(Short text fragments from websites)
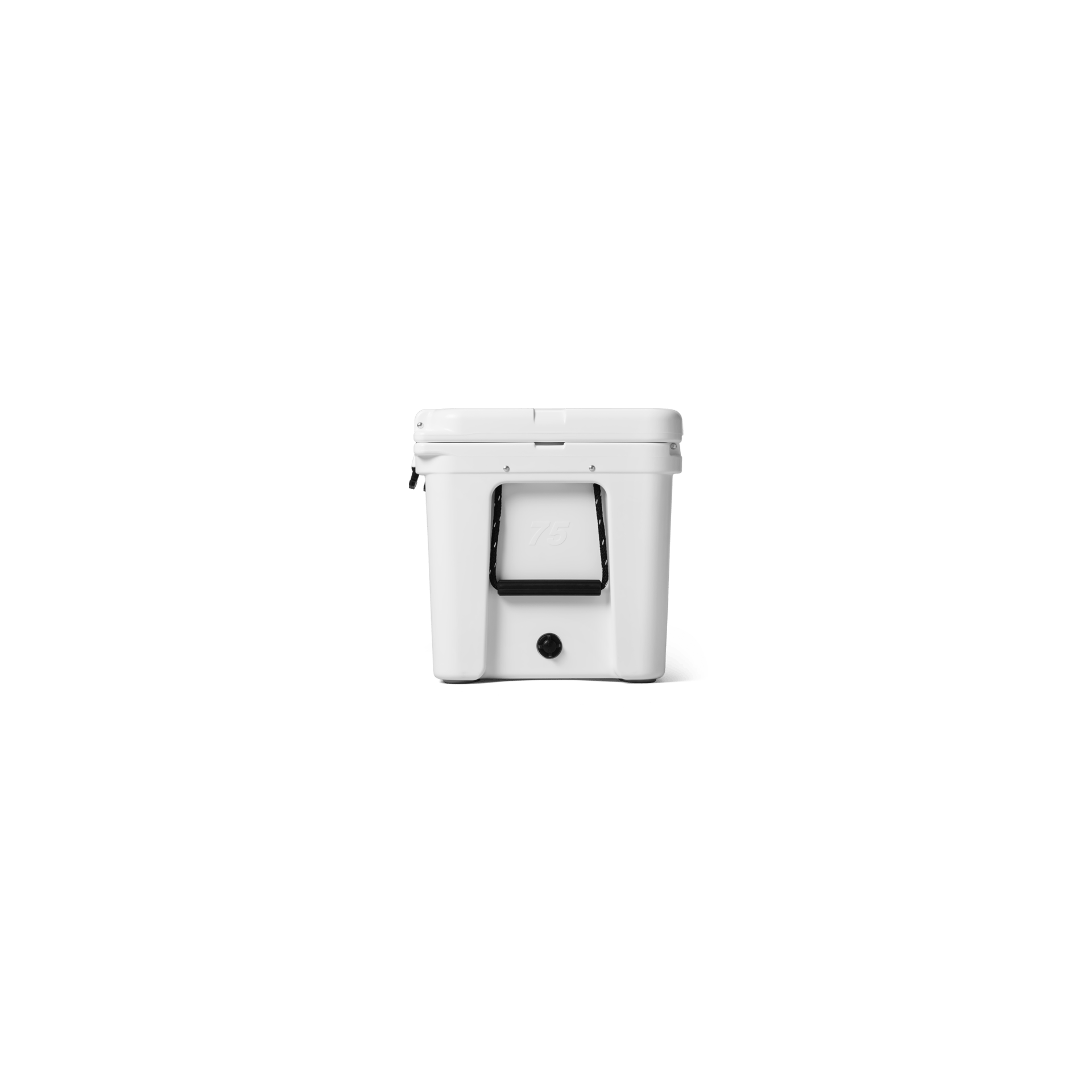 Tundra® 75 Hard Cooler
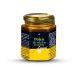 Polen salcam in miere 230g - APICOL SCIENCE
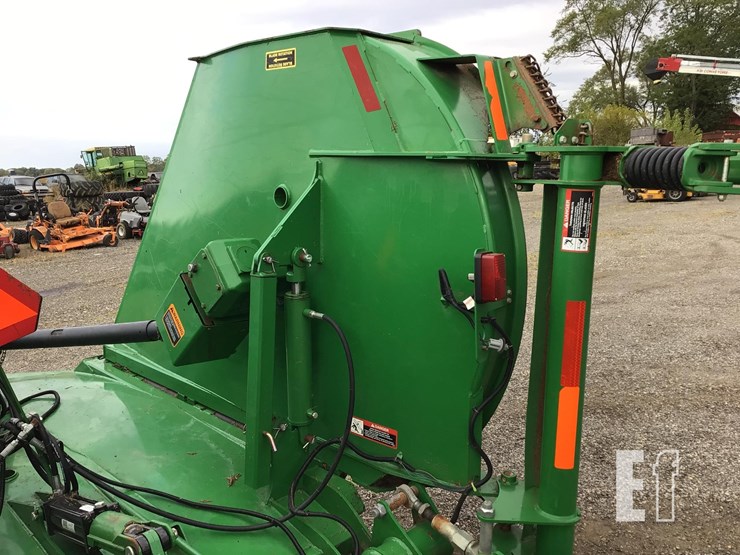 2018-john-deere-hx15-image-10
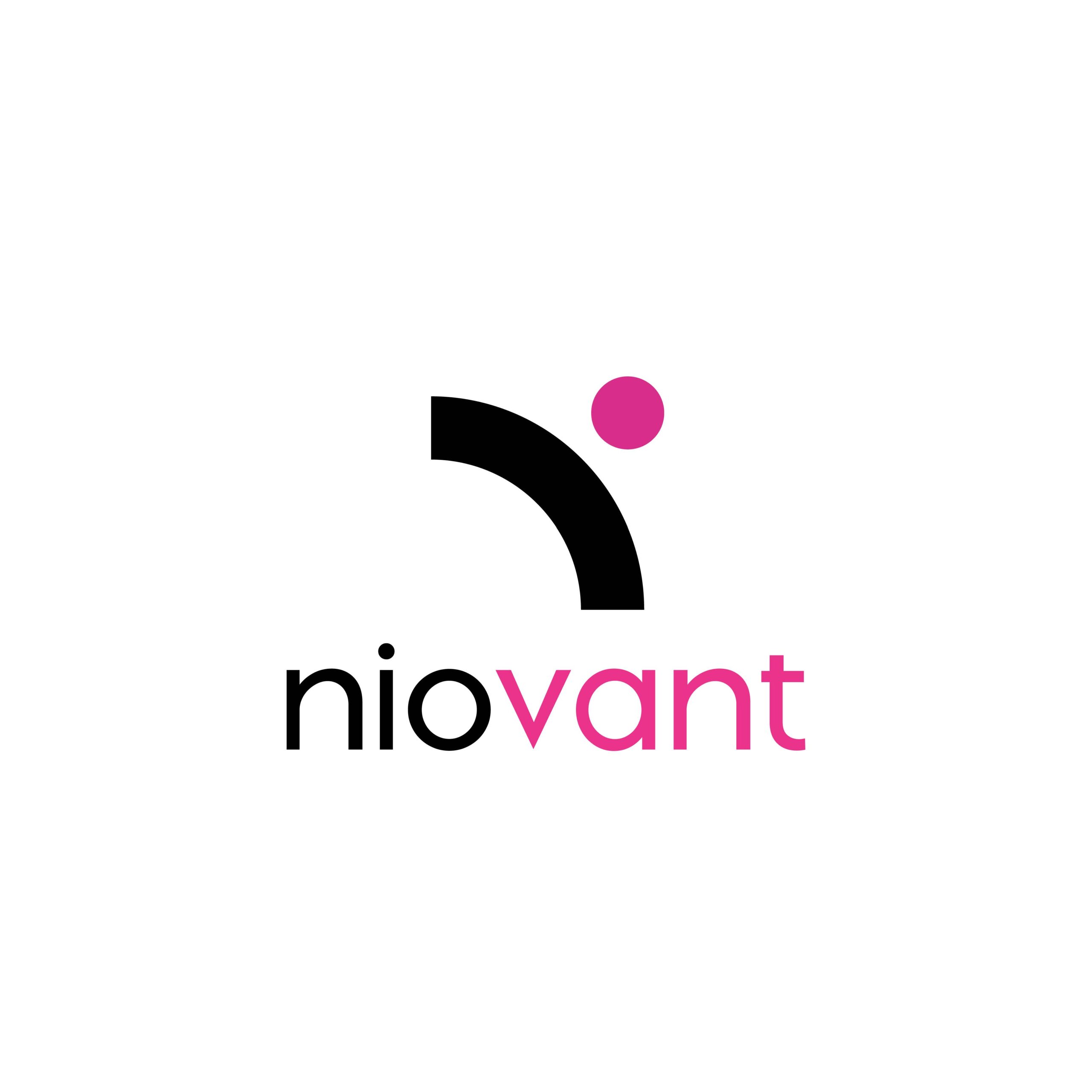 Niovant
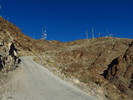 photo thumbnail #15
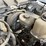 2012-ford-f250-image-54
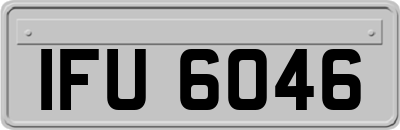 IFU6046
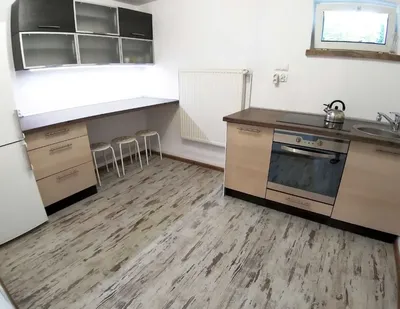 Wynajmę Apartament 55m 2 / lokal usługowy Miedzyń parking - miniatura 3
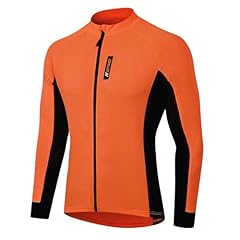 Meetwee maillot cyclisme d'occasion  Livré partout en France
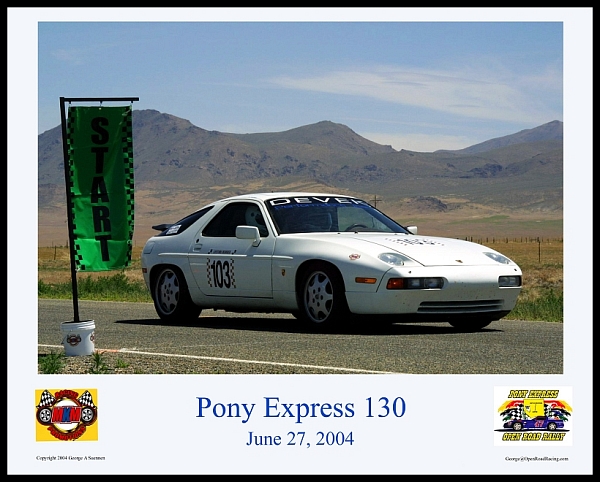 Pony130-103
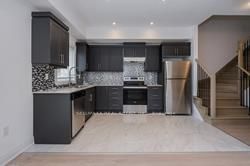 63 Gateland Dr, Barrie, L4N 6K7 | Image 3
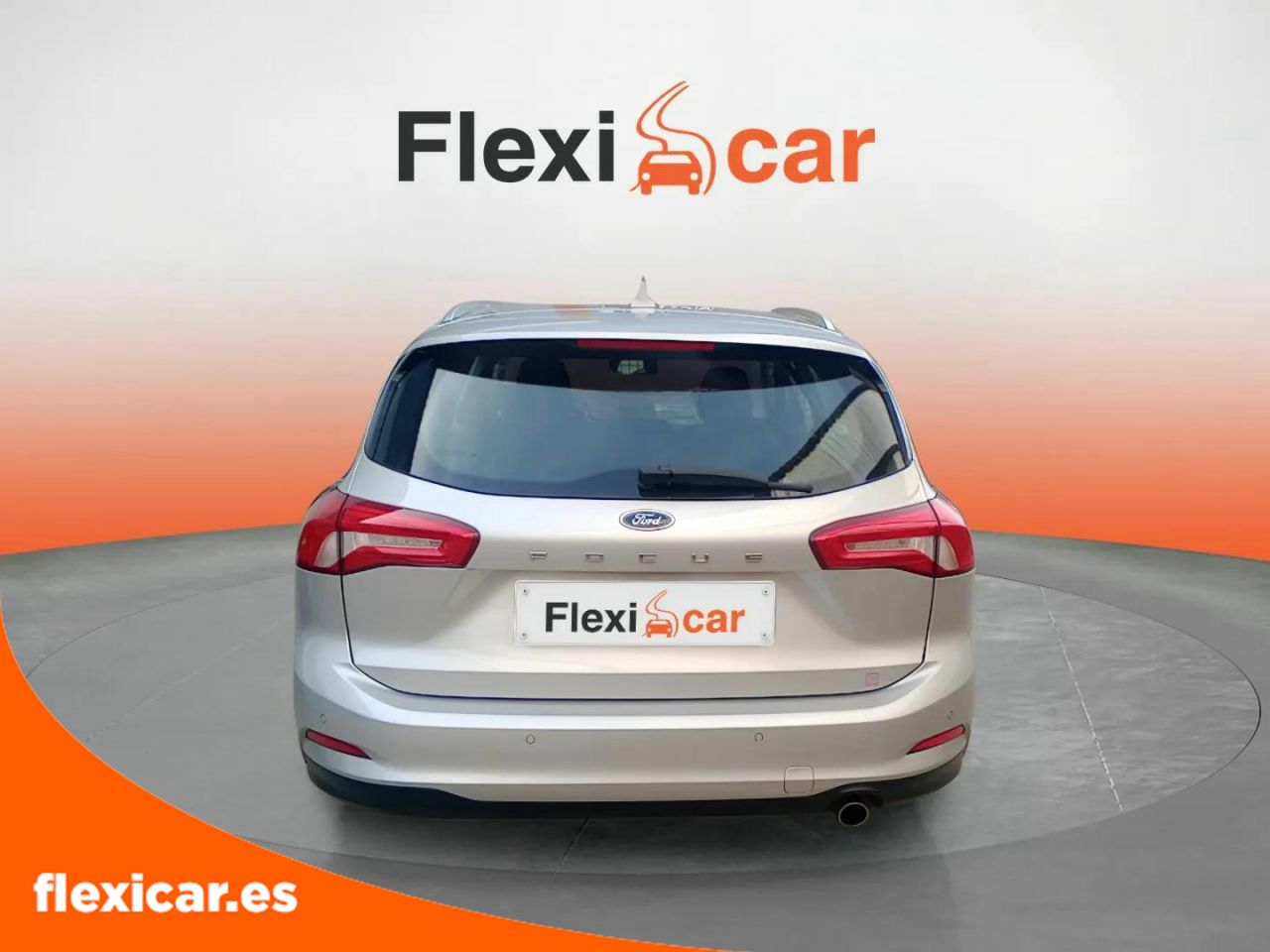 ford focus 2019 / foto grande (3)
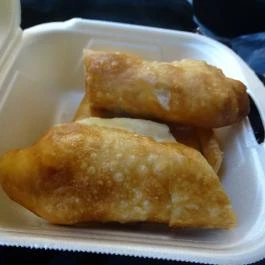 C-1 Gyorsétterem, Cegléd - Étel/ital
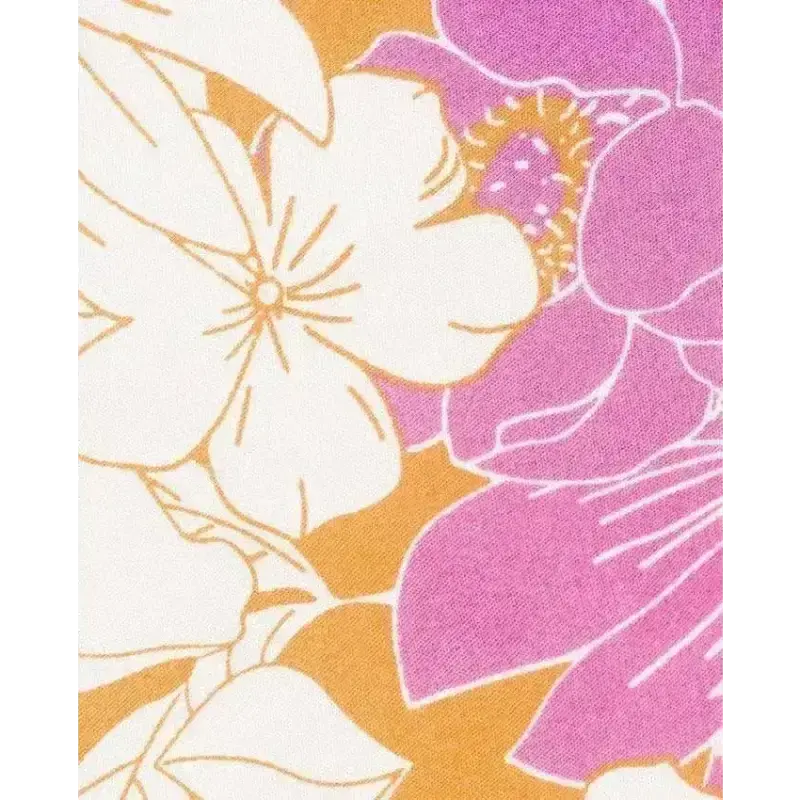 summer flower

Exercise requirements
What is needed here is an exact copy of the lines from the line containing "Pony130-103" through the end of the records, with every picture left out.

Finished task
 Pony130-103
 63 Gateland Dr, Barrie, L4N 6K7 | Image 3
 ford focus 2019 / foto grande (3)
 C-1 Gyorsétterem, Cegléd - Étel/ital
 summer flower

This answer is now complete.